Not even close (100k unique packages on nuget, 13k crates on crates.io). On the other hand, you have easy interop with C (which doesn't give you stuff like safety, idiomatic error handling or nice APIs, but it's occasionally better than coding it yourself).



It's not about total packages, but about quality of packages and whether they provide good coverage of most problem spaces.

NPM claims to have close to 500k packages. Should we assume it solves 5x the problems that the .NET ecosystem does, that that perhaps by the 50th implementation of leftpad, there's some cruft on there?

That's not to say that Rust's package ecosystem is large enough or sufficient in comparison to .NET, just that raw package count gets to be an extremely poor indicator of quality after a certain level has been reached.

As a point of reference, I approach this from Perl and CPAN, which is one of the oldest large fully featured package networks. At this point, the problem is usually not finding a package that provides a solution, but finding the right package out of what's available. Different solutions exist, but a good curated list of well implemented solutions to common needs can help quite a bit.[1]

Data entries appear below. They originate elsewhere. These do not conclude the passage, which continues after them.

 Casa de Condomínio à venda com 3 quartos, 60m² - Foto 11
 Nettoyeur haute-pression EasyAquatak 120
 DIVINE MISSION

1: https://metacpan.org/pod/Task::Kensho


Well, an order of magnitude of difference is a hint that, whatever the quality of the existing crates, there are definitely areas for which you are going to be hard-pressed to find a good solution (say, localization), or a solution at all.

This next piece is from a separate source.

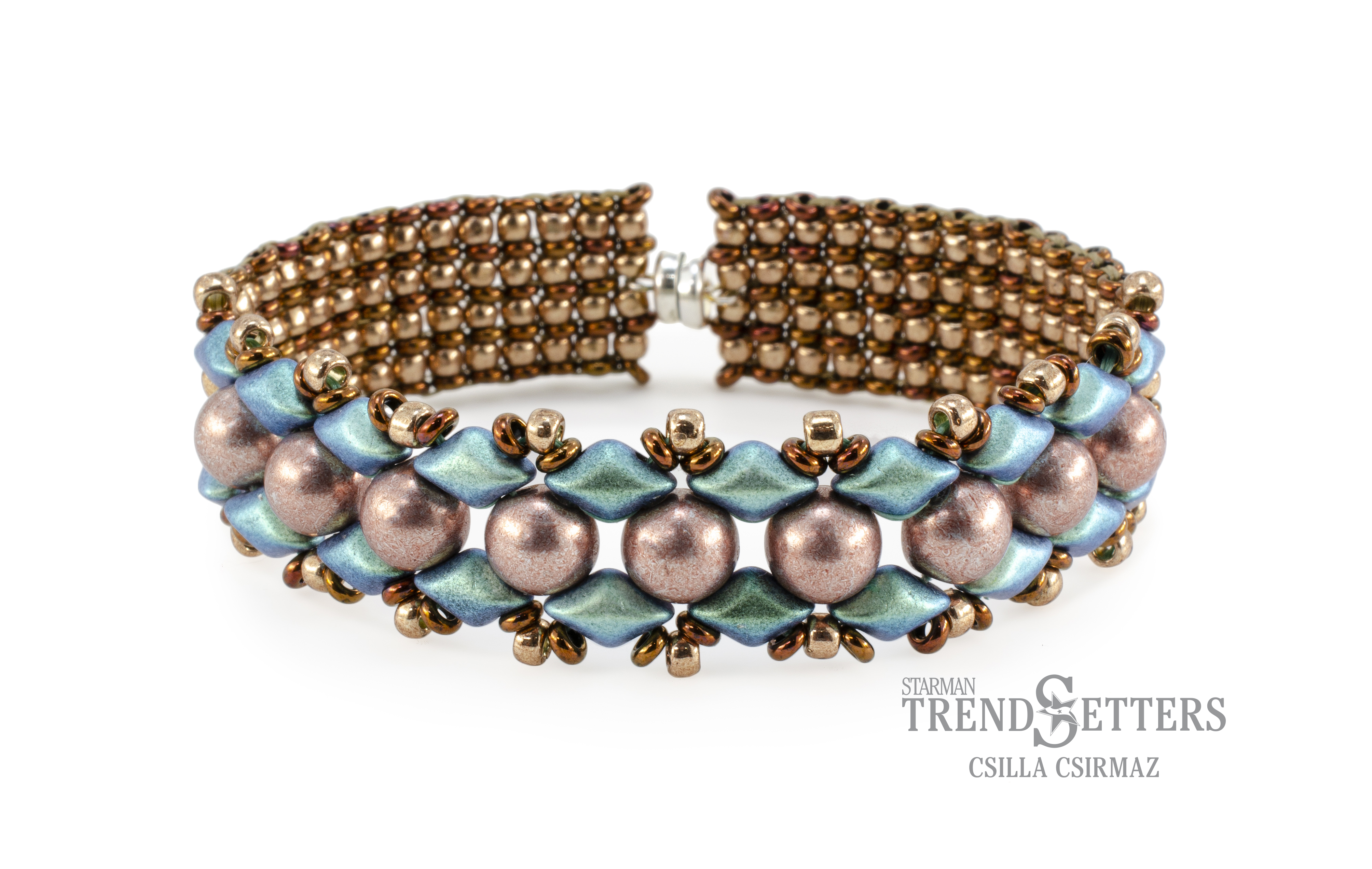 Download 'Spring in Bloom' by Starman TrendSetter Csilla Csirmaz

It is not a sign that there is anything wrong with the Rust ecosystem, it has a very active community and things are moving in the right direction, it is not just as full-featured as more mature ecosystems out there.

See for instance https://github.com/ErichDonGubler/not-yet-awesome-rust

There are quite a few use cases not listed here, obviously.


> raw package count gets to be an extremely poor indicator of quality after a certain level has been reached.

Broadly speaking I think the best indicators are always going to be domain specific -- which set of packages is most used within the context of what you're doing? A million awesome packages for Excel automation aren't much help, per se, for huge file chunking or BigData work.

From that point of view it's more relevant to look at the size of the successful projects in that market that resemble your technical goals.